*** Exercise inputs Section Begins ***

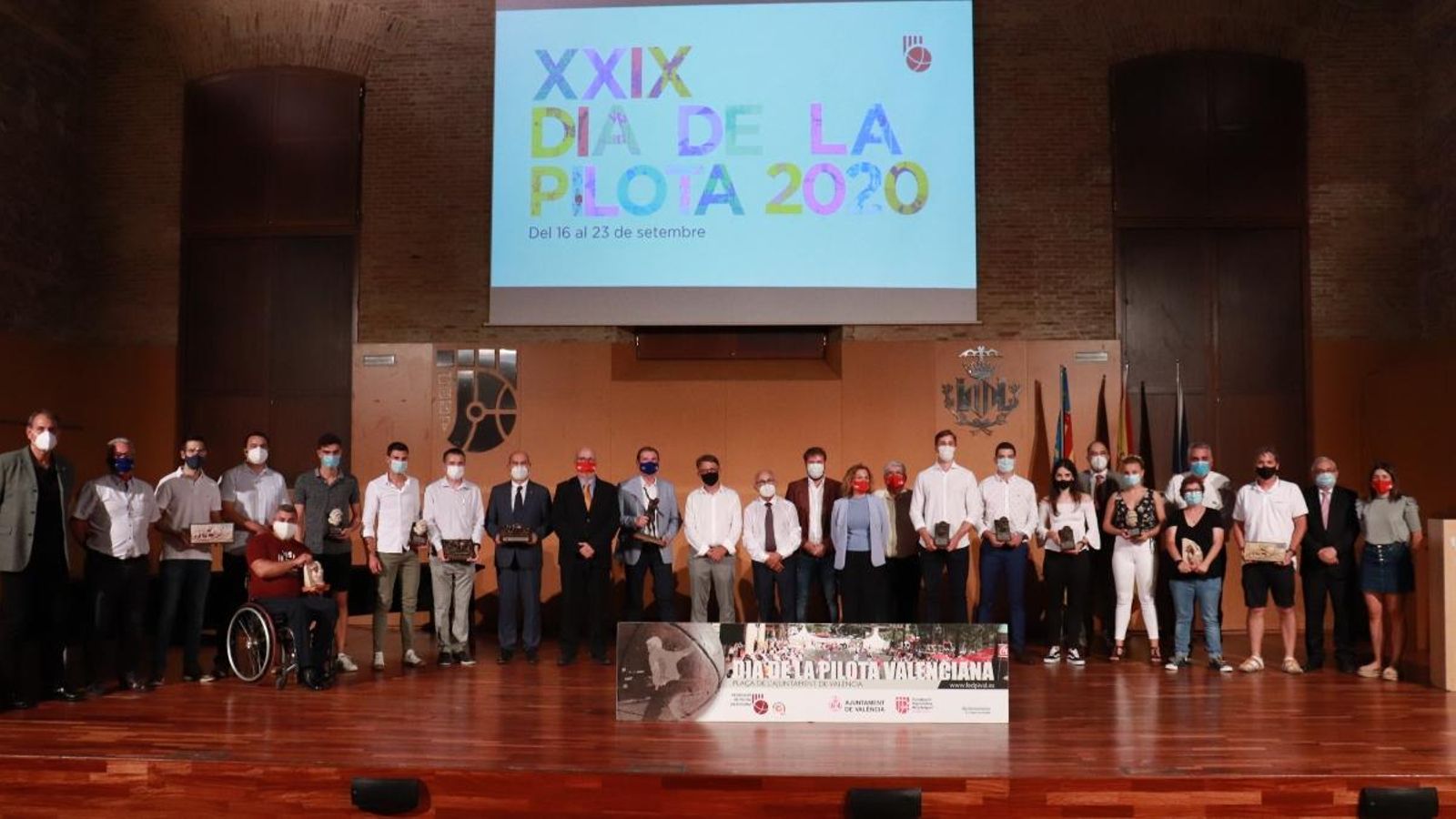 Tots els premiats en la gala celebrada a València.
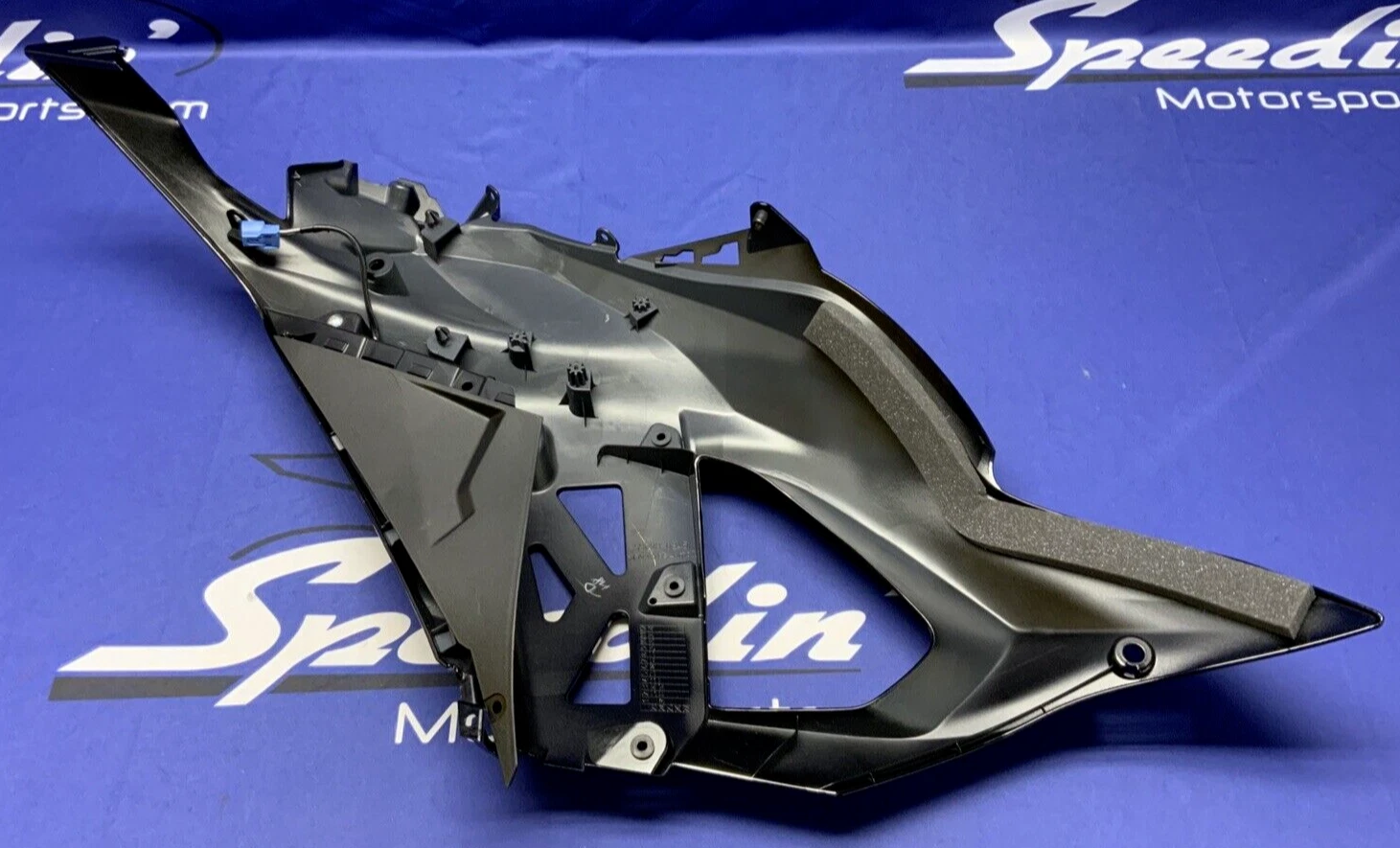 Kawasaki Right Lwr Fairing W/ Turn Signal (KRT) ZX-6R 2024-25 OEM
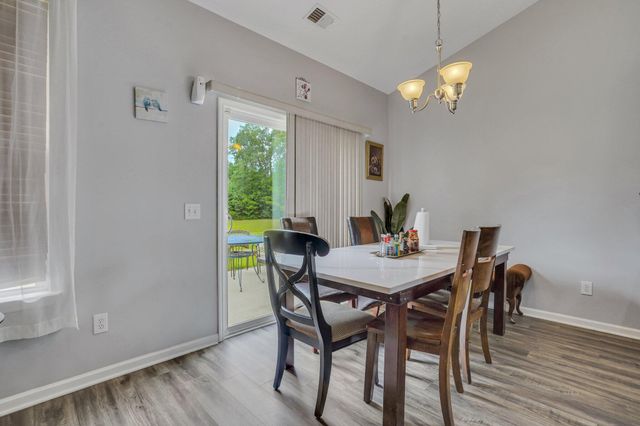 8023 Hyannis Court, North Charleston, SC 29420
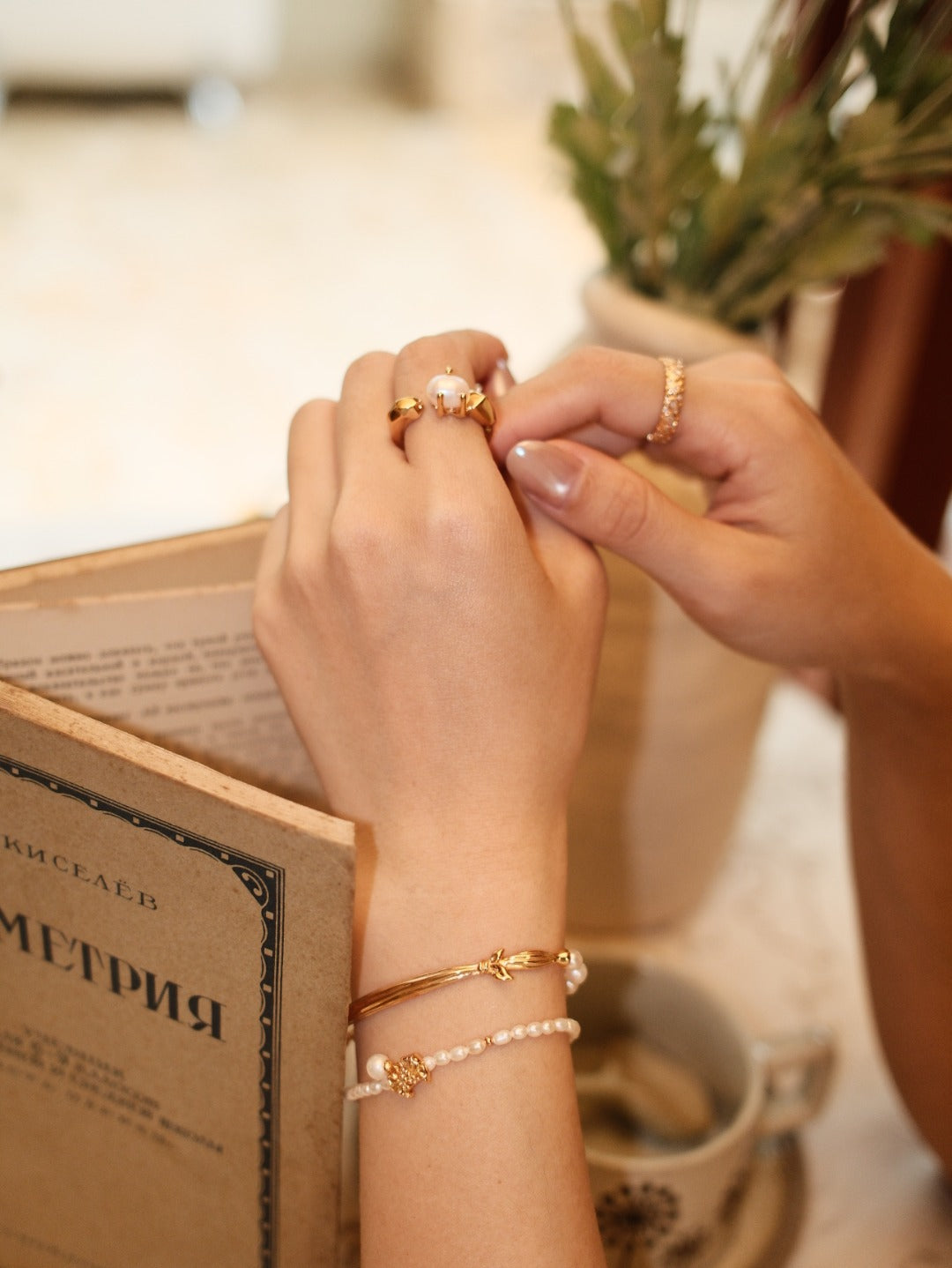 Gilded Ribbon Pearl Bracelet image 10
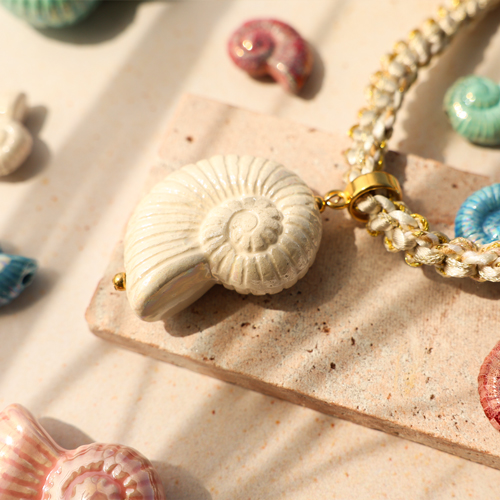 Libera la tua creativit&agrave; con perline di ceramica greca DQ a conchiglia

*** Exercise inputs Section Ends ***

- _Problem statement_: Word for word, give again the lines from the line with "Gilded Ribbon Pearl Bracelet image 10" through the end of the records above, with both ends included and the pictures left out.

- _Problem solution_:
 Gilded Ribbon Pearl Bracelet image 10
 Libera la tua creativit&agrave; con perline di ceramica greca DQ a conchiglia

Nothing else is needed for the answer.